Par ces motifs, la Cour (quatrième chambre) dit pour droit:
1) L’examen de la première question posée n’a révélé aucun élément de nature à affecter la validité des dispositions figurant dans la colonne 3, dans la position 8528 de la nomenclature combinée, mentionnée à l’annexe 11 du règlement (CEE) nº 2454/93 de la Commission, du 2 juillet 1993, fixant certaines dispositions d’application du règlement (CEE) nº 2913/92 du Conseil établissant le code des douanes communautaire.
2) Les dispositions figurant dans la colonne 3, dans la position 8528 de la nomenclature combinée, mentionnée à l’annexe 11 du règlement nº 2454/93 doivent être interprétées en ce sens que, pour procéder au calcul de la valeur acquise par les appareils récepteurs de télévision en couleurs lors de leur fabrication dans les conditions telles que celles de l’affaire au principal, il n’y a pas lieu de déterminer séparément l’origine non préférentielle d’une pièce distincte, telle qu’un châssis.
3) Les dispositions de l’article 44 de la décision nº 1/95 du conseil d’association CEE-Turquie, du 22 décembre 1995, relative à la mise en place de la phase définitive de l’union douanière, lues en combinaison avec celles de l’article 47, paragraphes 1 à 3, du protocole additionnel, signé le 23 novembre 1970 à Bruxelles et conclu, approuvé et confirmé au nom de la Communauté par le règlement (CEE) nº 2760/72 du Conseil, du 19 décembre 1972, annexé à l’accord créant une association entre la Communauté économique européenne et la Turquie qui a été signé, le 12 septembre 1963, à Ankara par la République de Turquie ainsi que par les États membres de la Communauté économique européenne et la Communauté, conclu, approuvé et confirmé au nom de la Communauté par la décision 64/732/CEE du Conseil, du 23 décembre 1963, et les dispositions des articles 45 et 46 de la décision nº 1/95, ne sont pas d’effet direct devant les juridictions nationales et ne permettent donc pas aux opérateurs individuels de se prévaloir valablement de leur violation pour s’opposer au paiement de droits antidumping normalement exigibles. Les dispositions de l’article 47 de la décision n° 1/95 sont d’effet direct et les justiciables auxquels elles s’appliquent ont le droit de s’en prévaloir devant les juridictions des États membres.

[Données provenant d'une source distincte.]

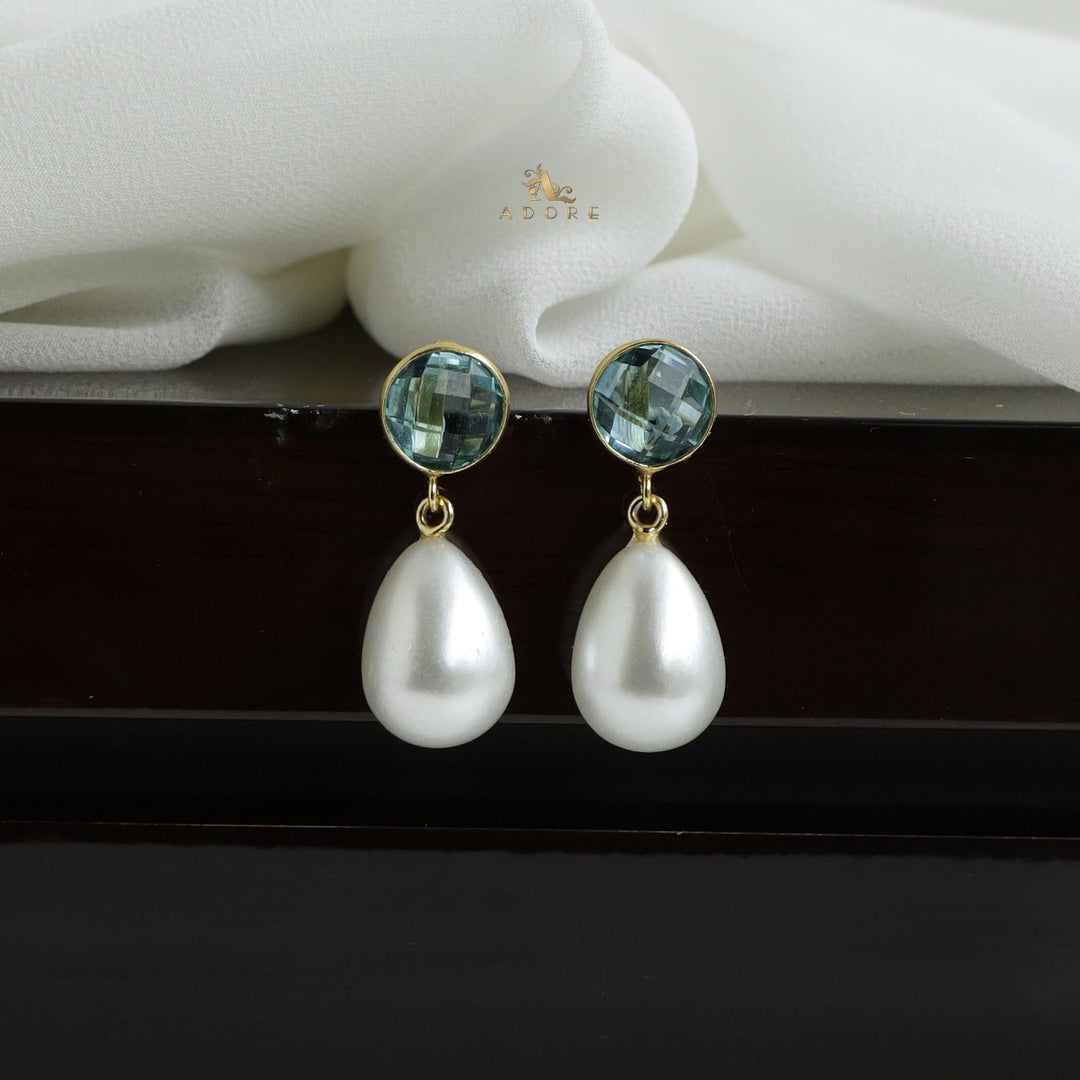 Dhurina Round Glossy Pearl Drop Earring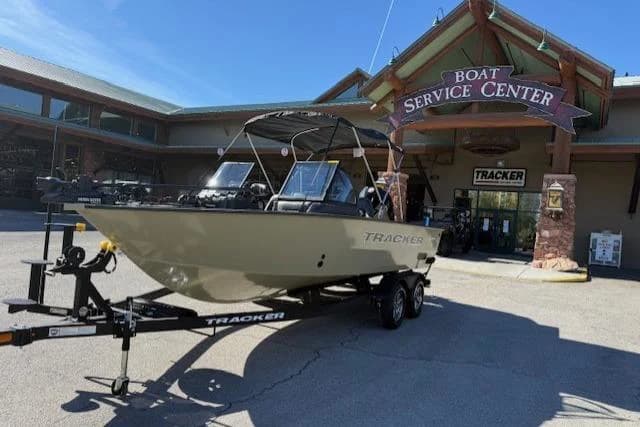 Tracker Targa V-19 WT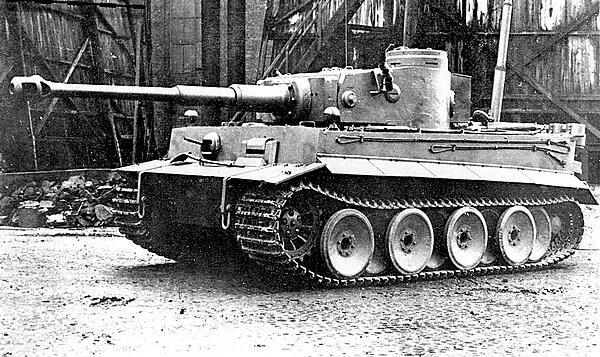 Один из первых серийных тигров на заводском дворе Размещение фар на крыше - фото 88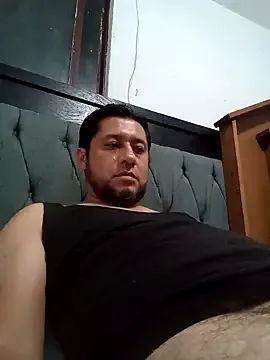 NANA_7 – webcam model profile photo Image 2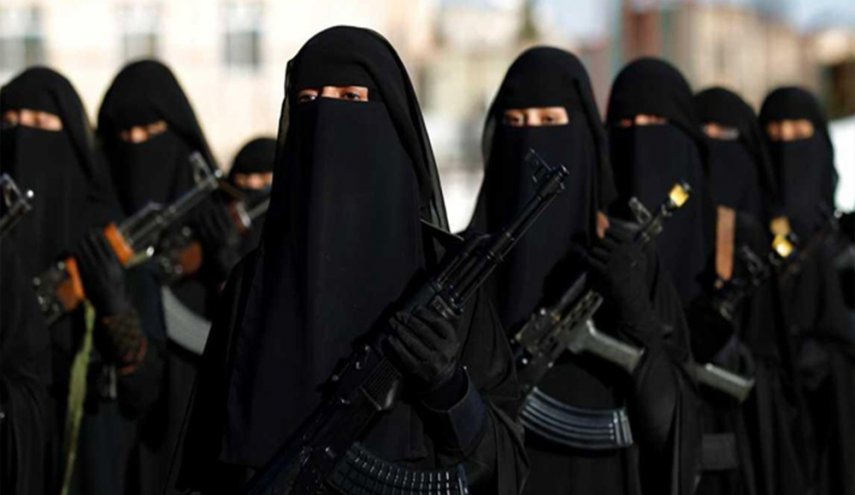 ألمانيا تستعيد 'داعشية' مفترضة مع أطفالها الـ3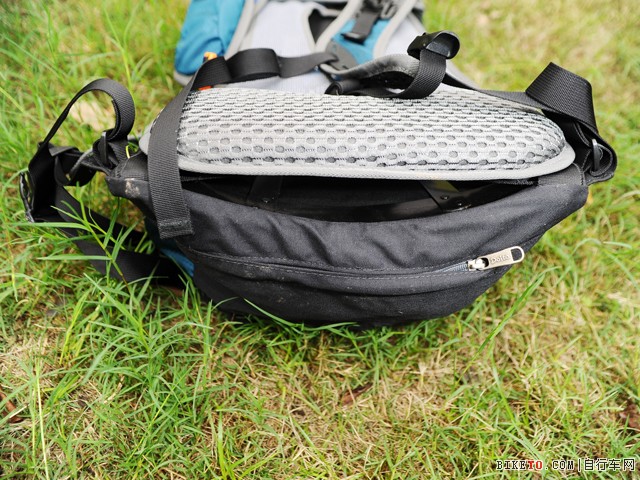 doite,bottom.jpg doite,bottom.jpg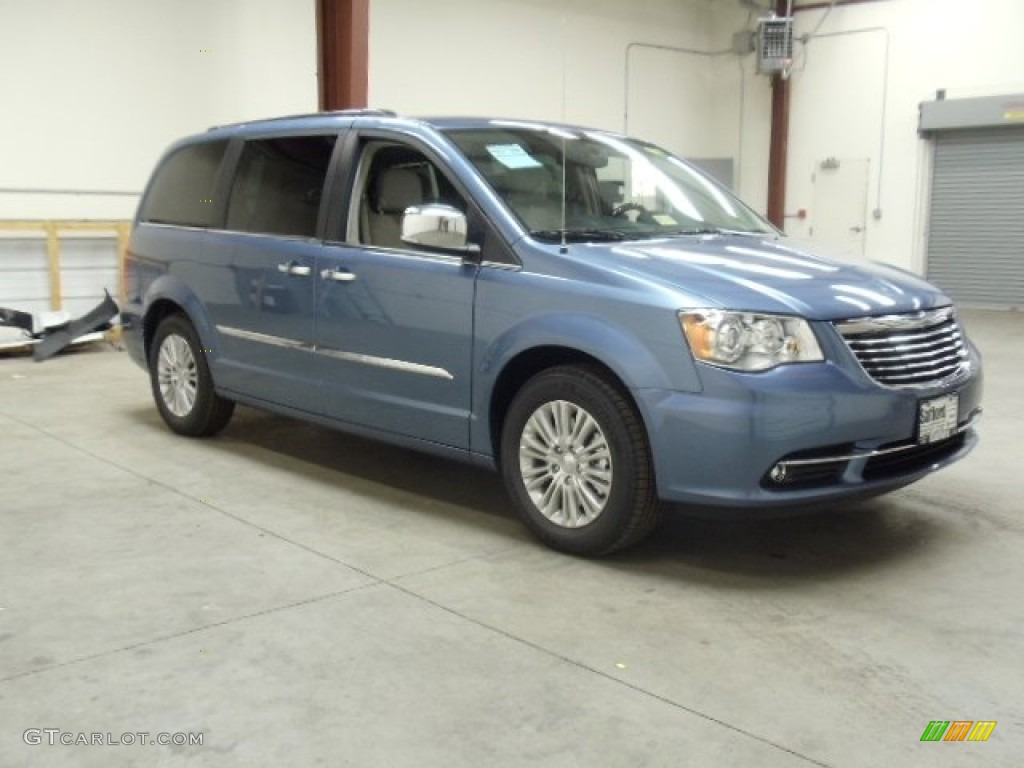 2012 Town & Country Limited - Sapphire Crystal Metallic / Black/Light Graystone photo #7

4) Les dispositions de l’article 47 de la décision nº 1/95 doivent être interprétées en ce sens qu’elles n’exigent pas que soient portées à la connaissance des opérateurs les informations que les parties contractantes ayant adopté des mesures antidumping doivent fournir au comité mixte de l’union douanière en vertu de l’article 46 de la décision nº 1/95 ou au conseil d’association en vertu de l’article 47, paragraphe 2, du protocole additionnel.